**Task brief:**
From the line that contains "woman leaning on" to the end of the entries, write out every line exactly, including both ends, and nothing more.

**Saved data entries:**
══════════

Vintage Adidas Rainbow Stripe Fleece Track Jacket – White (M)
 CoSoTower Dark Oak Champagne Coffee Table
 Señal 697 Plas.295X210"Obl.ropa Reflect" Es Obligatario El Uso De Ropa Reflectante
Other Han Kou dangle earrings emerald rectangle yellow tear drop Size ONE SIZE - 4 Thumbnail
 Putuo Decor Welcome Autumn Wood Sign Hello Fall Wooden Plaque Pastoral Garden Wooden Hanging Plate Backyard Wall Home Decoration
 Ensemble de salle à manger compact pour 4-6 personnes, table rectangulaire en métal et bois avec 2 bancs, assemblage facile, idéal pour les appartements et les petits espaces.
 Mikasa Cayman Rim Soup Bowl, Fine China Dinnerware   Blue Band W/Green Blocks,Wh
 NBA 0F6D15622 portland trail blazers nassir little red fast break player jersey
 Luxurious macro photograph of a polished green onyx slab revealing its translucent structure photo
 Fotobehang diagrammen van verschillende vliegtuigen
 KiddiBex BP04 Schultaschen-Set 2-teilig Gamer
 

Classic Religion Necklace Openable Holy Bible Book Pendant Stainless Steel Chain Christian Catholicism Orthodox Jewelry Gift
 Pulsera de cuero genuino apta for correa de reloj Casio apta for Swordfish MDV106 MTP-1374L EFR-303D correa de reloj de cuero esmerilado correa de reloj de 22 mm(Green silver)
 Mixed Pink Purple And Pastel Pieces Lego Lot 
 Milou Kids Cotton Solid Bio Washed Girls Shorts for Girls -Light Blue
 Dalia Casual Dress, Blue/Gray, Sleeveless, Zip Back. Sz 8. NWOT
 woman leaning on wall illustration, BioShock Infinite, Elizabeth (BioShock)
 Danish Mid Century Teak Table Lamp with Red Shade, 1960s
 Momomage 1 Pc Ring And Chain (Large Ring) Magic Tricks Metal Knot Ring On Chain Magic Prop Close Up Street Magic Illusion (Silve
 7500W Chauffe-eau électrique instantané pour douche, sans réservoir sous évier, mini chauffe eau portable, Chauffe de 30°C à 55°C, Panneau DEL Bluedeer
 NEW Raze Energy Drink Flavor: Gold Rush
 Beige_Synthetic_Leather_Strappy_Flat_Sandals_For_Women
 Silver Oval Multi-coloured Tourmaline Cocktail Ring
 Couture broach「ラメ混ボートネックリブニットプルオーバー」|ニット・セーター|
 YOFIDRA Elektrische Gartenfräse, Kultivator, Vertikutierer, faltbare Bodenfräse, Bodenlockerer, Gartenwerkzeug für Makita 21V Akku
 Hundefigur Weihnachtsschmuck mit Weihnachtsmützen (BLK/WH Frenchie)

══════════

**Solution for this problem:**
 woman leaning on wall illustration, BioShock Infinite, Elizabeth (BioShock)
 Danish Mid Century Teak Table Lamp with Red Shade, 1960s
 Momomage 1 Pc Ring And Chain (Large Ring) Magic Tricks Metal Knot Ring On Chain Magic Prop Close Up Street Magic Illusion (Silve
 7500W Chauffe-eau électrique instantané pour douche, sans réservoir sous évier, mini chauffe eau portable, Chauffe de 30°C à 55°C, Panneau DEL Bluedeer
 NEW Raze Energy Drink Flavor: Gold Rush
 Beige_Synthetic_Leather_Strappy_Flat_Sandals_For_Women
 Silver Oval Multi-coloured Tourmaline Cocktail Ring
 Couture broach「ラメ混ボートネックリブニットプルオーバー」|ニット・セーター|
 YOFIDRA Elektrische Gartenfräse, Kultivator, Vertikutierer, faltbare Bodenfräse, Bodenlockerer, Gartenwerkzeug für Makita 21V Akku
 Hundefigur Weihnachtsschmuck mit Weihnachtsmützen (BLK/WH Frenchie)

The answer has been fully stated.